• _Exercise directions_:
Below are records with pictures; copy word for word only the lines between the line with "28 Kingslake Road Lower, Toronto C15" and the line with "Gobierno y COB", inclusive, and drop the pictures.

• _Available records_:

****************************************

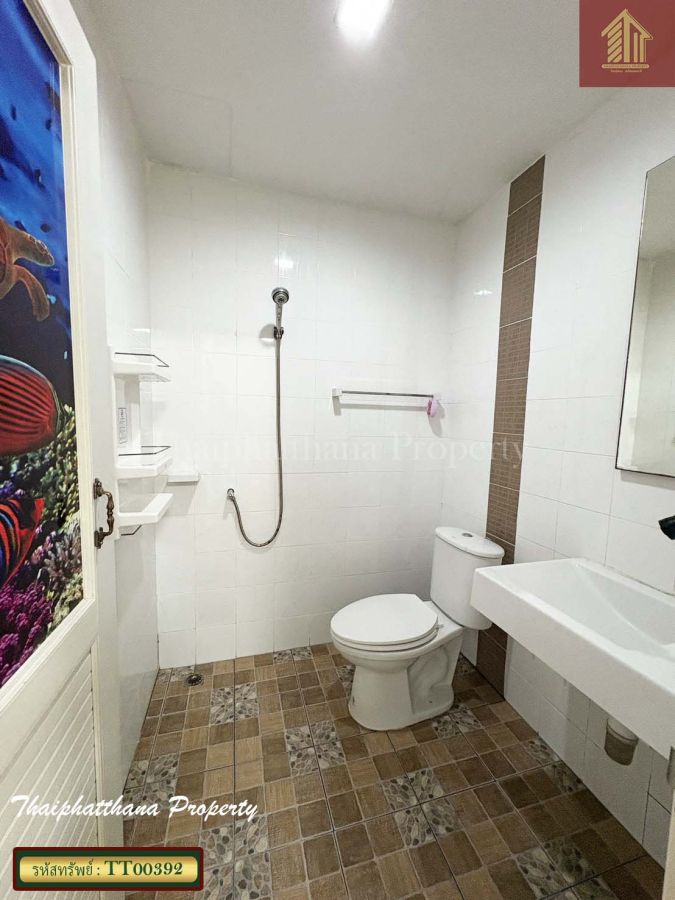 - พฤกษาทาวน์ สุขุมวิท-เทพารักษ์ กม.1 ทำเลดี ใกล้รถไฟฟ้าสายสีเขียว/สายสีเหลือง รีโนเวทพร้อมอยู่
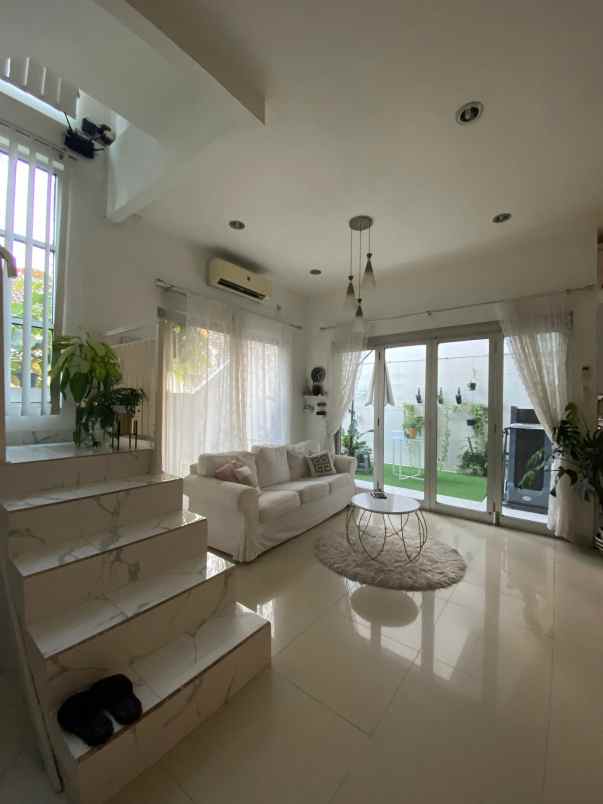 dijual rumah perumahan sakura regency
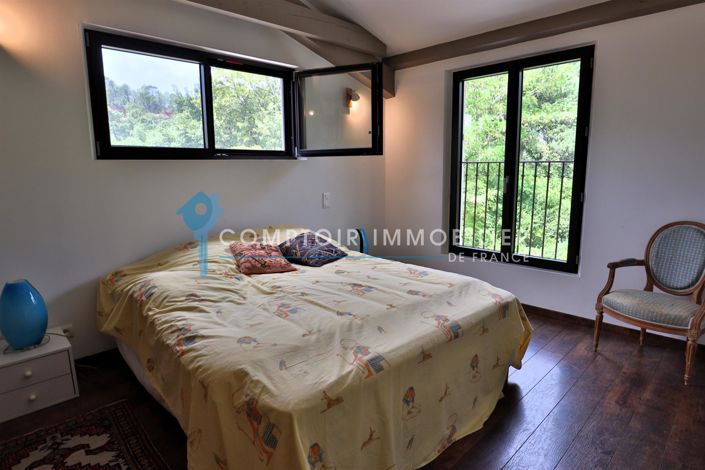 Image No.15-3 Bed House for sale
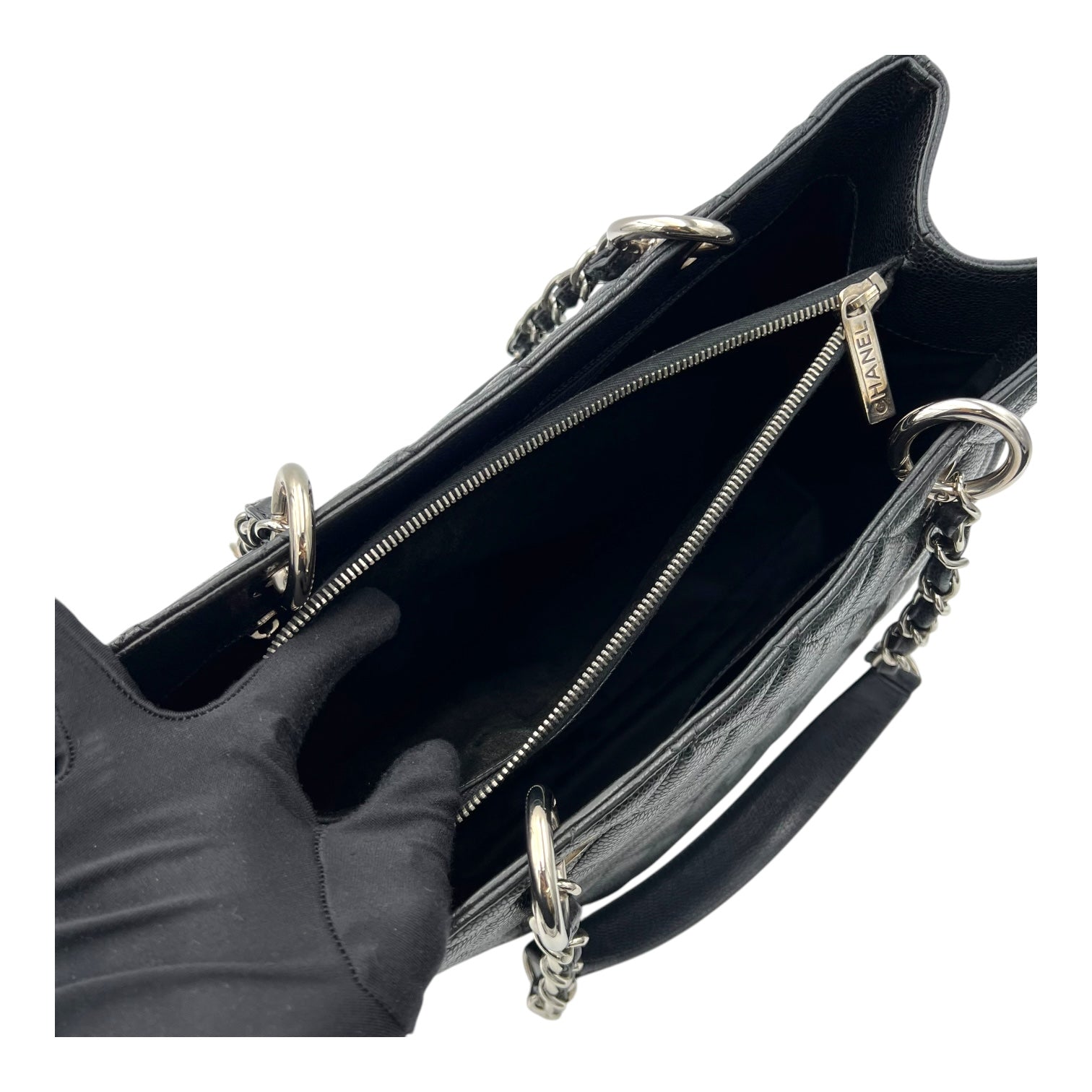 GST Black Tote Bag in Caviar Leather, Silver hardware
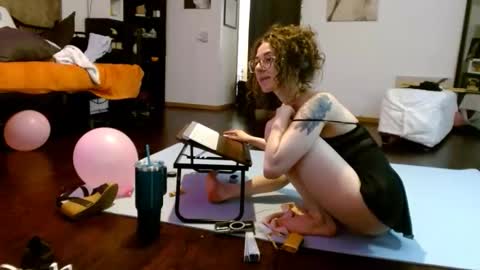 Snapshot of bombshellbaeby chatting on 21, 4, 2026 BombshellBaeby online show from 21, 4, 2026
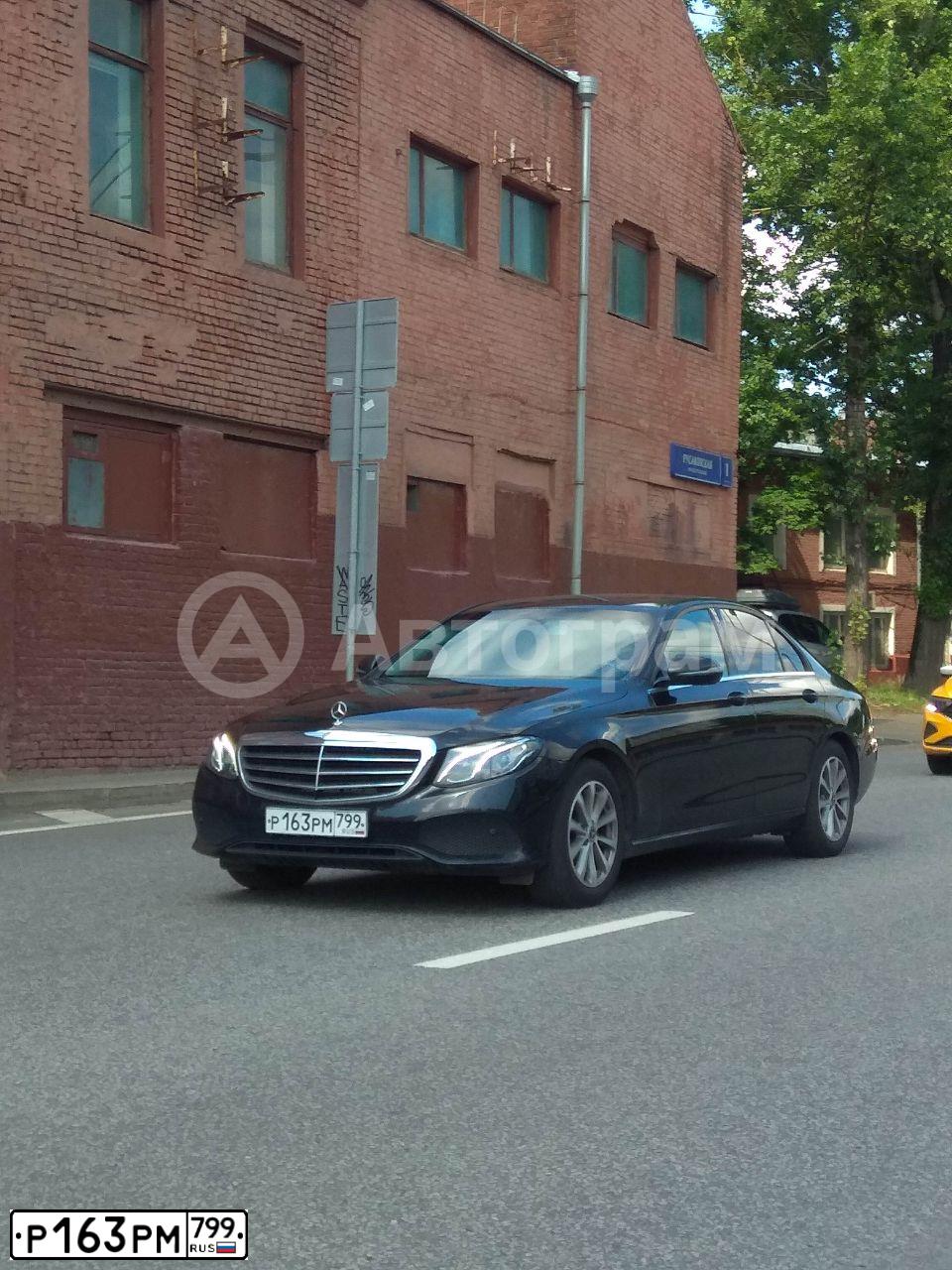 Фото автомобиля MERCEDES E-KLASSE, 2019 — госномер Р163РМ799. Цвет: ЧЕРНЫЙ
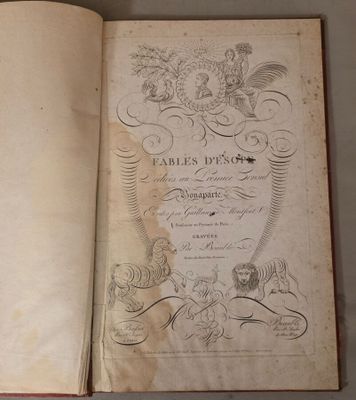 un livre ouvert sur lequel figurent les dessins d'un cheval et d'un oiseau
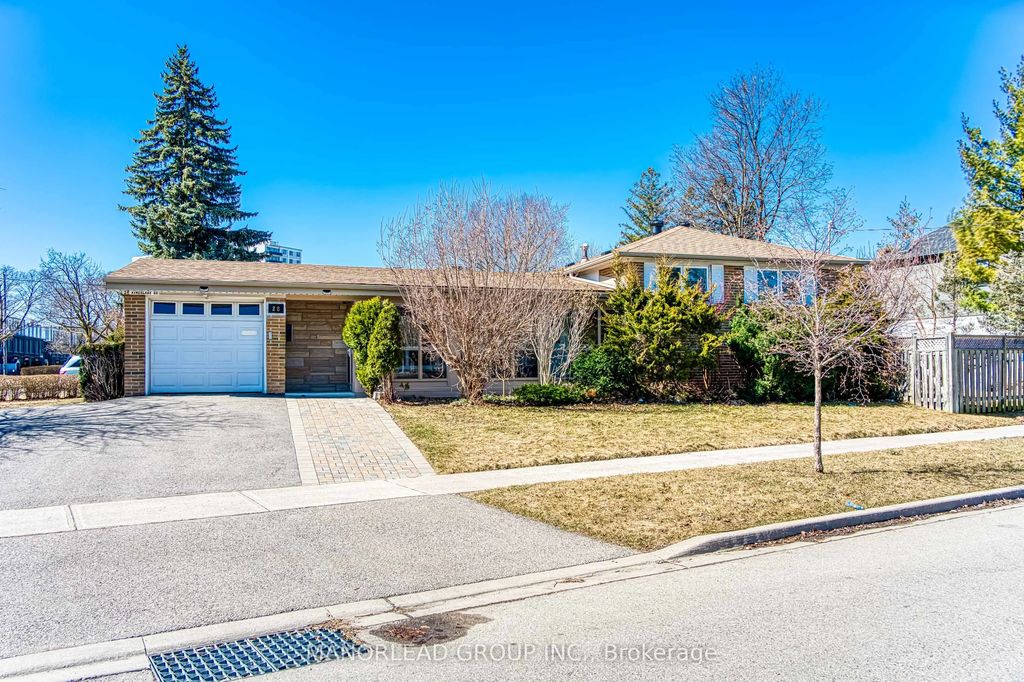 28 Kingslake Road Lower, Toronto C15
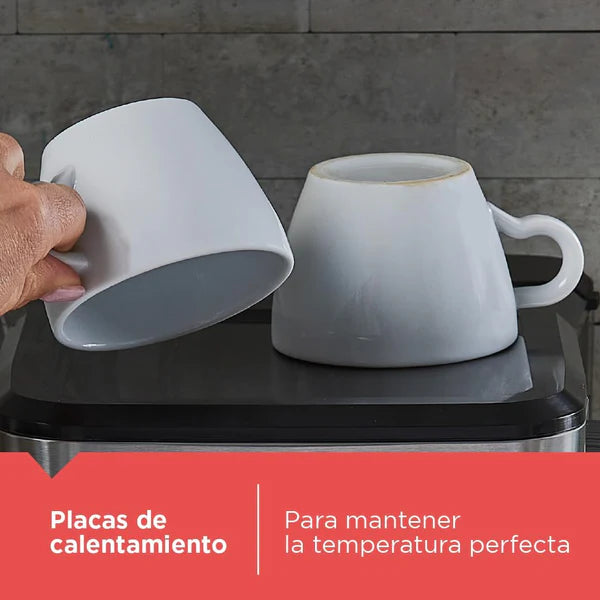 Cafetera Espresso y Capsula Nespresso 1.5L 20 Bares Black and Decker EM0312-0SDLA BLACK + DECKER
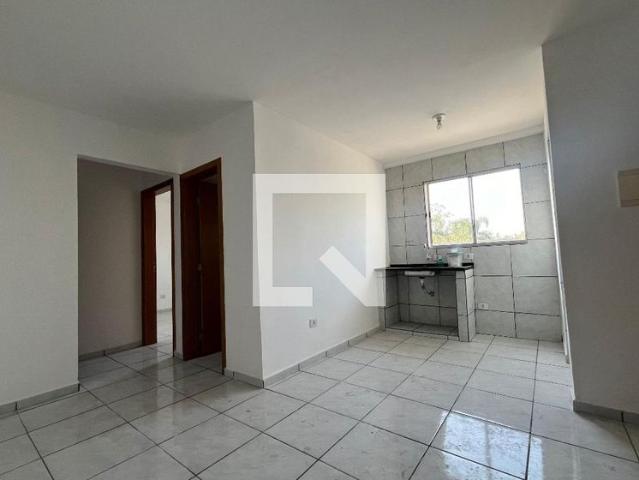 Kitnet aluguel em Jardim Quaresmeira I, Suzano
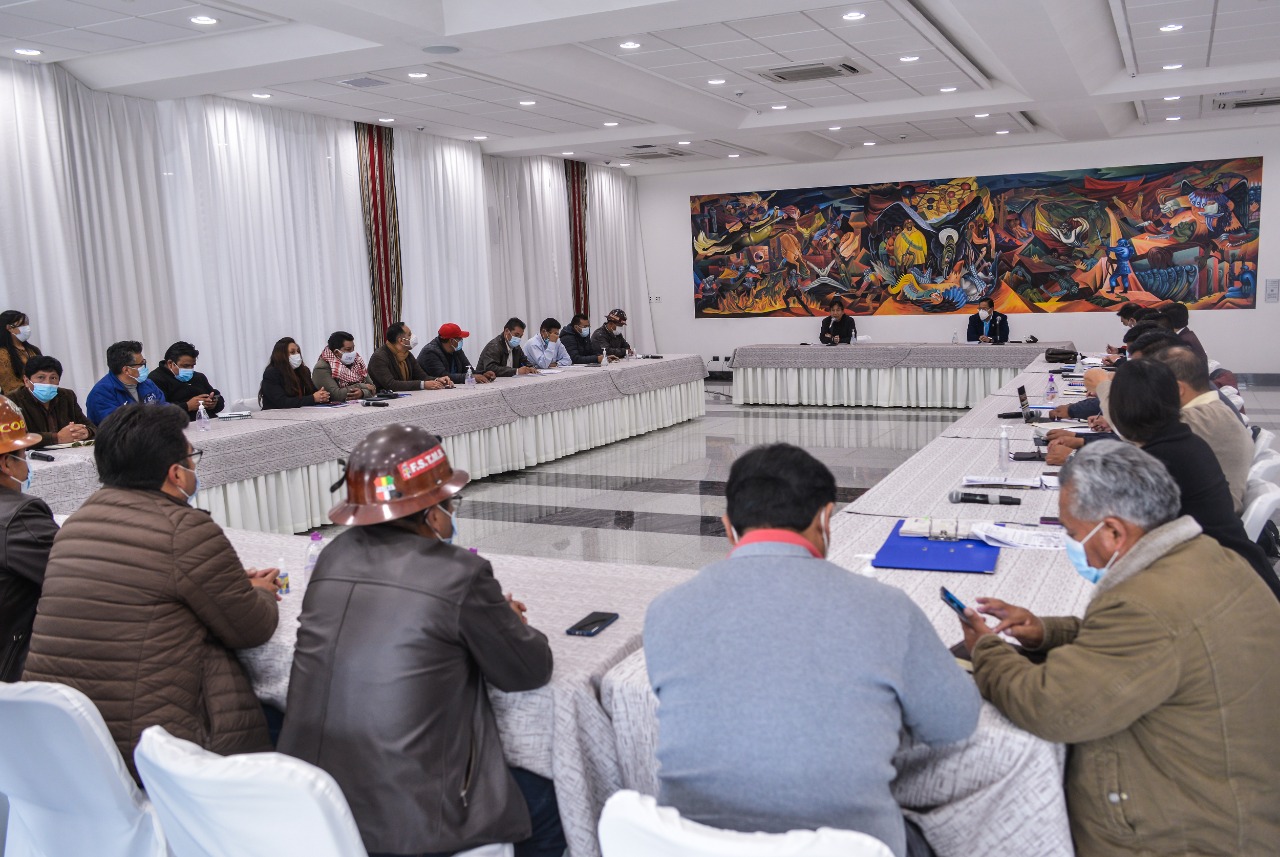 Gobierno y COB conforman cuatro comisiones de trabajo para atender pliego petitorio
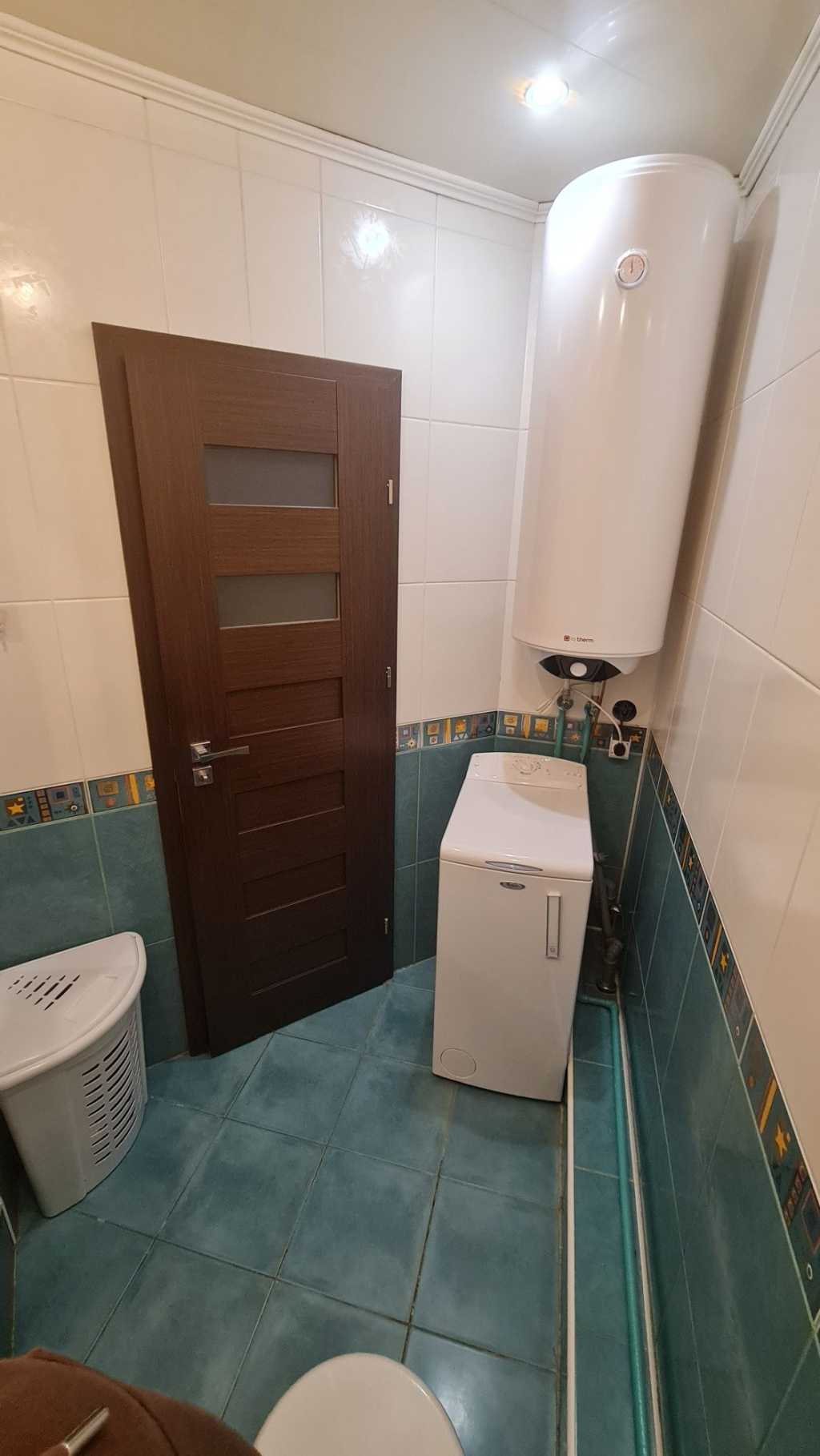 Оренда 3-кімнатної квартири 96 м², Святошинська пл., 1/1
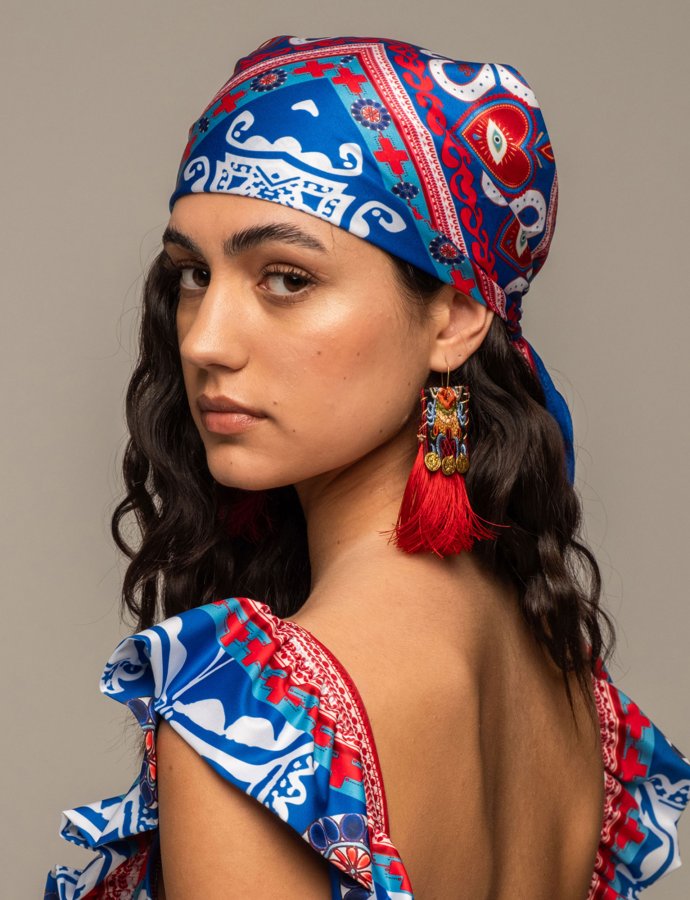 Milagros scarf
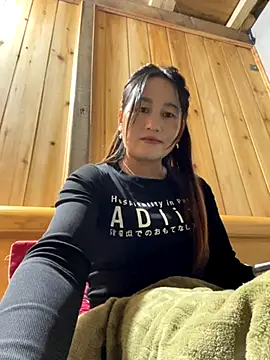 Snapshot of phungtiti chatting on 11/18/25, 04:27 phungtiti online show from 11/18/25, 04:27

****************************************

• _Task output_:
 28 Kingslake Road Lower, Toronto C15
 Cafetera Espresso y Capsula Nespresso 1.5L 20 Bares Black and Decker EM0312-0SDLA BLACK + DECKER
 Kitnet aluguel em Jardim Quaresmeira I, Suzano
 Gobierno y COB conforman cuatro comisiones de trabajo para atender pliego petitorio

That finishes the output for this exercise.